[Records for the exercise Boundary: Start]
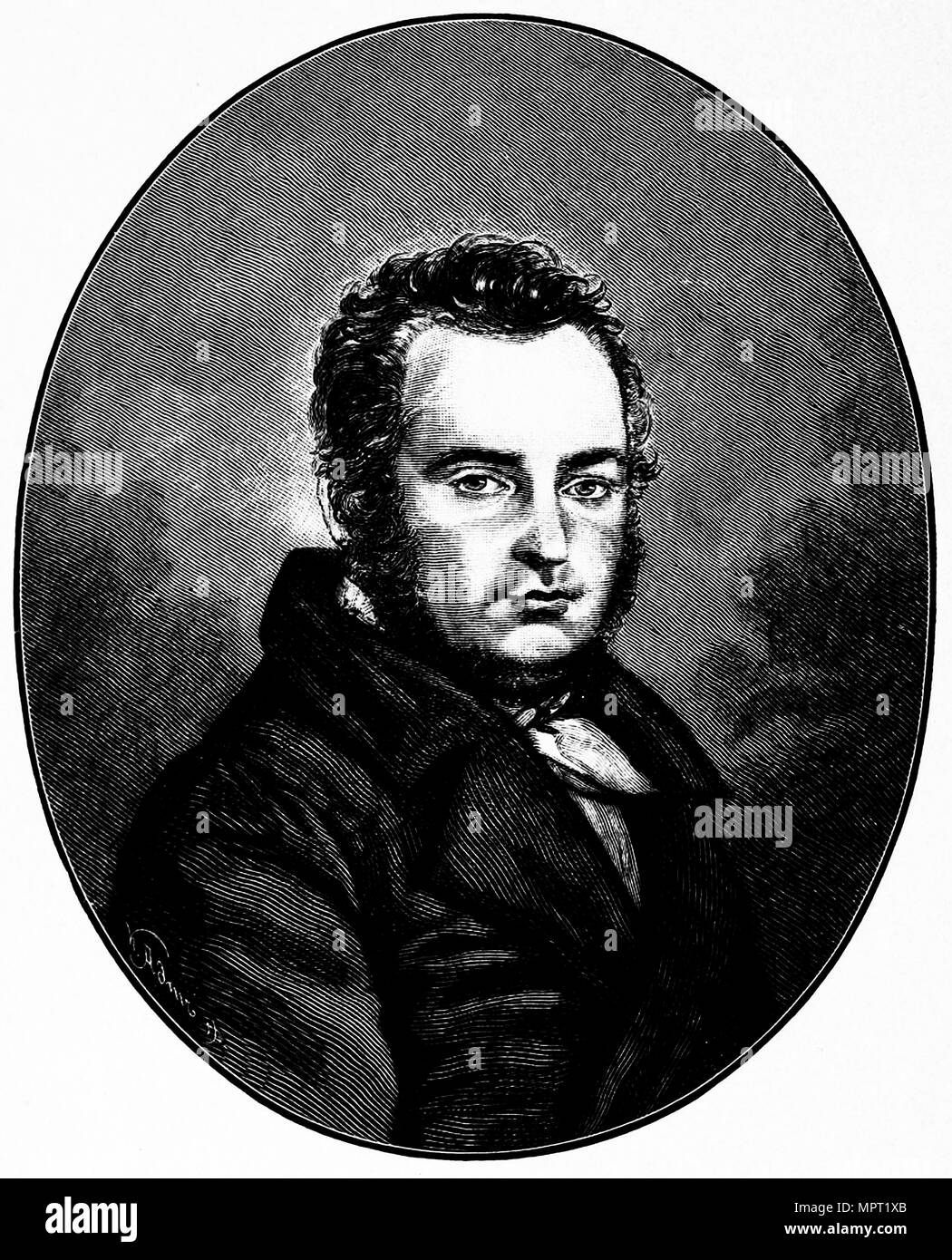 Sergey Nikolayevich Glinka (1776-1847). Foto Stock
[Records for the exercise Boundary: End]
[Records for the exercise Boundary: Start]
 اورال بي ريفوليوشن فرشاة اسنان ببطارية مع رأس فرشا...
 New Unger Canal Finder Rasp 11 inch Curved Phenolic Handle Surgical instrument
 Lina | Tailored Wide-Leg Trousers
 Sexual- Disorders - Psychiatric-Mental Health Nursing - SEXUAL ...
[Records for the exercise Boundary: End]
▶ _What needs to be done_: Find the line with "اورال بي ريفوليوشن" in the material above. Reproduce it and each line after it up to and including the line with "Sexual- Disorders - Psychiatric-Mental".

▶ _Written reply_:
 اورال بي ريفوليوشن فرشاة اسنان ببطارية مع رأس فرشا...
 New Unger Canal Finder Rasp 11 inch Curved Phenolic Handle Surgical instrument
 Lina | Tailored Wide-Leg Trousers
 Sexual- Disorders - Psychiatric-Mental Health Nursing - SEXUAL ...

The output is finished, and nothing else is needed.